Famously, he said that the bourgeoisie, in capitalism, turns the working class into a "revolutionary combination" (whereas before workers were isolated in cottage industry) who would be the gravediggers of the bourgeoisie.


The essential conditions for the existence and for the sway of the bourgeois class is the formation and augmentation of capital; the condition for capital is wage-labour. Wage-labour rests exclusively on competition between the labourers. The advance of industry, whose involuntary promoter is the bourgeoisie, replaces the isolation of the labourers, due to competition, by the revolutionary combination, due to association. The development of Modern Industry, therefore, cuts from under its feet the very foundation on which the bourgeoisie produces and appropriates products. What the bourgeoisie therefore produces, above all, are its own grave-diggers. Its fall and the victory of the proletariat are equally inevitable. (communist manifesto)

ZeroWedge
31-07-2012, 07:30 PM
You are looking in the wrong direction for an answer to todays inequality. Marx is out of date because capitalism as he knew it doesnt exist anymore. Most businesses today are financed not with capital but with debt. And most of the profits dont go to the capitalists, but are siphoned off by the executives, board of directors and financiers.
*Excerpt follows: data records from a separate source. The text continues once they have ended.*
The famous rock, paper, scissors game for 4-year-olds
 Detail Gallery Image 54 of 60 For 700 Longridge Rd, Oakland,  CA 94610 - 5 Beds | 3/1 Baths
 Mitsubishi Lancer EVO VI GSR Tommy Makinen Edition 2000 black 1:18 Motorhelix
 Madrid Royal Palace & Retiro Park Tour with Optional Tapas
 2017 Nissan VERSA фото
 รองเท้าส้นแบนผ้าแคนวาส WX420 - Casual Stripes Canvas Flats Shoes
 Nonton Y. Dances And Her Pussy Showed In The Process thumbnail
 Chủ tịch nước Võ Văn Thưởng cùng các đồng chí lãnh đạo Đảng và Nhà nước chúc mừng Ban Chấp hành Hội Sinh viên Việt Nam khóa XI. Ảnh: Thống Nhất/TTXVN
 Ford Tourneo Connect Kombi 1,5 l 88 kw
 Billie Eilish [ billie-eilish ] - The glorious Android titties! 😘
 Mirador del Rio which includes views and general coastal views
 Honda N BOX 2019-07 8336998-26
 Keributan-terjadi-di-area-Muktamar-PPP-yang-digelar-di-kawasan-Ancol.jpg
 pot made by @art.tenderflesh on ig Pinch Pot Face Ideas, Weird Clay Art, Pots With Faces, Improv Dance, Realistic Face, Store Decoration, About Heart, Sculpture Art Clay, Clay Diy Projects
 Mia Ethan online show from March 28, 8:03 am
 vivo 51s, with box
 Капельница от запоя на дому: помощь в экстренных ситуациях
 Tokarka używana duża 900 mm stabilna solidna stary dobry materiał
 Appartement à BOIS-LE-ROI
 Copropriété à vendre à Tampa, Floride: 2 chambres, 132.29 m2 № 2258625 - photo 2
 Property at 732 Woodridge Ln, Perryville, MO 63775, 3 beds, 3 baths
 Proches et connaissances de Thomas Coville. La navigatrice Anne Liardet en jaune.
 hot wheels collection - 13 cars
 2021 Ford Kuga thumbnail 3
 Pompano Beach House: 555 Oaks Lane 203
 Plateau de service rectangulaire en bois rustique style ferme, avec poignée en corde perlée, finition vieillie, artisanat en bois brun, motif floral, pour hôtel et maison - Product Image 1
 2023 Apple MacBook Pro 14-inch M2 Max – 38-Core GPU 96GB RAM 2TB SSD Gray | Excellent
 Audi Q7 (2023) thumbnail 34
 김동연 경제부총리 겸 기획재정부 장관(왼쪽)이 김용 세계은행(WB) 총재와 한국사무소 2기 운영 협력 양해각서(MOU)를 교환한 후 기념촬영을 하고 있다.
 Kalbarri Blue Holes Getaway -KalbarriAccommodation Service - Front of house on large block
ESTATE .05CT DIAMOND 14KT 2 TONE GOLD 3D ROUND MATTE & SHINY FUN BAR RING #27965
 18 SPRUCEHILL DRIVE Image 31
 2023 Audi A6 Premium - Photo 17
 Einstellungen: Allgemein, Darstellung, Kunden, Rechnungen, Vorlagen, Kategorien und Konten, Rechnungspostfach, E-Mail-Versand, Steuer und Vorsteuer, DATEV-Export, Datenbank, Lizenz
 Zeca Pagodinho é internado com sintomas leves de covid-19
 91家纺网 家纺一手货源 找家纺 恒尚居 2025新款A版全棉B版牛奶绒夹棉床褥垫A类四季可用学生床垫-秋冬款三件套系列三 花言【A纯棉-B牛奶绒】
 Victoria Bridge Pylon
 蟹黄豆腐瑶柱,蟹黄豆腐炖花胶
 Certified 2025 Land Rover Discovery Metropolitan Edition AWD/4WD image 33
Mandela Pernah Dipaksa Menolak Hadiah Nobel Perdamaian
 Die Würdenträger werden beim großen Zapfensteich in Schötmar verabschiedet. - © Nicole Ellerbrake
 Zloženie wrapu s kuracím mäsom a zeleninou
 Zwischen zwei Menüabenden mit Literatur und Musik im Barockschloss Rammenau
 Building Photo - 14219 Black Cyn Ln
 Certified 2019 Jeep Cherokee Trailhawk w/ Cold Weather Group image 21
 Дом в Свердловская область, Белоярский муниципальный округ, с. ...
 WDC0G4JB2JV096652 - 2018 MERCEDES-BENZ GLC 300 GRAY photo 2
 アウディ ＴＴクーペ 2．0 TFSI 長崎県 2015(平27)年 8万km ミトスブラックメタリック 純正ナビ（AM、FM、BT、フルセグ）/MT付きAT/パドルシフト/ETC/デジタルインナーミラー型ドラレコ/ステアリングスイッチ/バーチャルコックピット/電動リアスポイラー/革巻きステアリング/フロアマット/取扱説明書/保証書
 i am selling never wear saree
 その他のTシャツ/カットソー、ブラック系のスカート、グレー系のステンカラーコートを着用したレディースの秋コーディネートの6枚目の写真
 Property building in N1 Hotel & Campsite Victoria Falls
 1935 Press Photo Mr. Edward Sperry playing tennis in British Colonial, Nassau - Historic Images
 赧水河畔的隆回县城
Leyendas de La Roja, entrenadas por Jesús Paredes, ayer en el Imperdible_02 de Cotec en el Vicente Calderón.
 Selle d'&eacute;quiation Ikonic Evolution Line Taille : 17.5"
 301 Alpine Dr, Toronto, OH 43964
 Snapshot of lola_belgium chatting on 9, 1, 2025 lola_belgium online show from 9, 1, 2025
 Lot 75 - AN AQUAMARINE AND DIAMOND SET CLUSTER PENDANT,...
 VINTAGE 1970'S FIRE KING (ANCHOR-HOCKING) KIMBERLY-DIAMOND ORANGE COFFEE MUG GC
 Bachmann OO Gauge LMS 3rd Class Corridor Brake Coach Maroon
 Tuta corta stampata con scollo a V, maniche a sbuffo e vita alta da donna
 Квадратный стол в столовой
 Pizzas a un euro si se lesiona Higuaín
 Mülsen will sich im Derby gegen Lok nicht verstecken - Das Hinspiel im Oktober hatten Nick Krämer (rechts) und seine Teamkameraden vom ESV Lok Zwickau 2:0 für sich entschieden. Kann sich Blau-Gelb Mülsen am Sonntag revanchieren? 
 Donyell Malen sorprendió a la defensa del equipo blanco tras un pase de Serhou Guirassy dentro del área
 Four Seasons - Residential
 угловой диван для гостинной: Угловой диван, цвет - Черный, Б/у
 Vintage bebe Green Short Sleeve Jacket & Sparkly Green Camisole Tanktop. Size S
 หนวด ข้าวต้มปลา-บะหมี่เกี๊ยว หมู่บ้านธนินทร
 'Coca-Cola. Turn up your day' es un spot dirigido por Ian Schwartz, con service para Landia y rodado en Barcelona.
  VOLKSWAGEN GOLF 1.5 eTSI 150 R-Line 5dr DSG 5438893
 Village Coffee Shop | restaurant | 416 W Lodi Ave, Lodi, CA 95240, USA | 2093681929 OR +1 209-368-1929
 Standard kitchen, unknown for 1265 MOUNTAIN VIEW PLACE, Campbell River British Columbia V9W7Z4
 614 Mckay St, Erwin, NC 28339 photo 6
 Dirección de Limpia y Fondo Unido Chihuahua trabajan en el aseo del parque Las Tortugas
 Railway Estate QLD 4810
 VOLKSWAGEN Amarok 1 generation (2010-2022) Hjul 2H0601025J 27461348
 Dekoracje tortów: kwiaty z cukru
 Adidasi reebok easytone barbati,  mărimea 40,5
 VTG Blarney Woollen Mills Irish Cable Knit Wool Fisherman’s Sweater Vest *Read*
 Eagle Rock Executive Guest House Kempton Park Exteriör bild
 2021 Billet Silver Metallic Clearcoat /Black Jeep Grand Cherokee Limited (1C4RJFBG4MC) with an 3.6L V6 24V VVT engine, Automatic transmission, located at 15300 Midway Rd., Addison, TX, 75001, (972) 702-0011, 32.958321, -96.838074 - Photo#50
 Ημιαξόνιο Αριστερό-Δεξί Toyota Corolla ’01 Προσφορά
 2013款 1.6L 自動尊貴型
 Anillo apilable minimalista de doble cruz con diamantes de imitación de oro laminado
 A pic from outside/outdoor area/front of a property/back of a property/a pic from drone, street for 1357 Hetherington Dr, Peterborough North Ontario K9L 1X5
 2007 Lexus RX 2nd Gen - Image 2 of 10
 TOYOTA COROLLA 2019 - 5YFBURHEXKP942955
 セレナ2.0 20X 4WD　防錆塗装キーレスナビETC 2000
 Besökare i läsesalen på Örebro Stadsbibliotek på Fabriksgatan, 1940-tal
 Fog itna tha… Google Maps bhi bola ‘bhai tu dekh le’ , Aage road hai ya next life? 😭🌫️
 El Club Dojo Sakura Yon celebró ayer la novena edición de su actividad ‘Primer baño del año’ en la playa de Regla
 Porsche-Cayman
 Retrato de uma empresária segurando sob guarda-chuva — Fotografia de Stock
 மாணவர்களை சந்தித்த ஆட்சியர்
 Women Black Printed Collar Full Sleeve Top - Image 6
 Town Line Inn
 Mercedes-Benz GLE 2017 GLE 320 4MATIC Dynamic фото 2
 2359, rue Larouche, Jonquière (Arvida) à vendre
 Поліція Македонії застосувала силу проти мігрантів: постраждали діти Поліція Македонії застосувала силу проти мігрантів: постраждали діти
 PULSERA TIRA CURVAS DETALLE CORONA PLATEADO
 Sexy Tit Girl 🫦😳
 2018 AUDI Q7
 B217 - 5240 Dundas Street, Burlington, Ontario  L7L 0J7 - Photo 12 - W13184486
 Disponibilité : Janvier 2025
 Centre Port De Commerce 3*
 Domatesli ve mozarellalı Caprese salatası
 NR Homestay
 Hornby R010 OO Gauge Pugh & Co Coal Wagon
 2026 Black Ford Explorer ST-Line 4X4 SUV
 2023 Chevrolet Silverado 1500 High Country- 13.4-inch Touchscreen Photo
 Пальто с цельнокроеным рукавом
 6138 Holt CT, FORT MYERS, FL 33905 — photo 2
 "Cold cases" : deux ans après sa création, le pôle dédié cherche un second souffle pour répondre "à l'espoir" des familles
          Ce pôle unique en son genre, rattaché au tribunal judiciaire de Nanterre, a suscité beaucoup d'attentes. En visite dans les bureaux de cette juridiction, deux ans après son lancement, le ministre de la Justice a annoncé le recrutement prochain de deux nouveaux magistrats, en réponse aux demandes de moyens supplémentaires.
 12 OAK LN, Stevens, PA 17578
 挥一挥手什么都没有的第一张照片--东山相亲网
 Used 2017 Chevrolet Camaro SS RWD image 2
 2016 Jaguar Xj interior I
Todays capitalists carrying the investment risk are usually pension funds of ordinary people with no control over how their capital is deployed. They take all the risk, but get little or none of the profits.

C. Flower
01-08-2012, 12:13 AM
You are looking in the wrong direction for an answer to todays inequality. Marx is out of date because capitalism as he knew it doesnt exist anymore. Most businesses today are financed not with capital but with debt. And most of the profits dont go to the capitalists, but are siphoned off by the executives, board of directors and financiers.

Todays capitalists carrying the investment risk are usually pension funds of ordinary people with no control over how their capital is deployed. They take all the risk, but get little or none of the profits.

Well ZW, you are pretty close to what Marx said, as you would see if you read posts 1 and 2 (particularly 2).





‘It reproduces a new financial aristocracy, a new variety of parasite in the shape of promoters, speculators and simply nominal directors; a whole system of swindling by means of corporate promotion, stock insurance, and stock speculation.’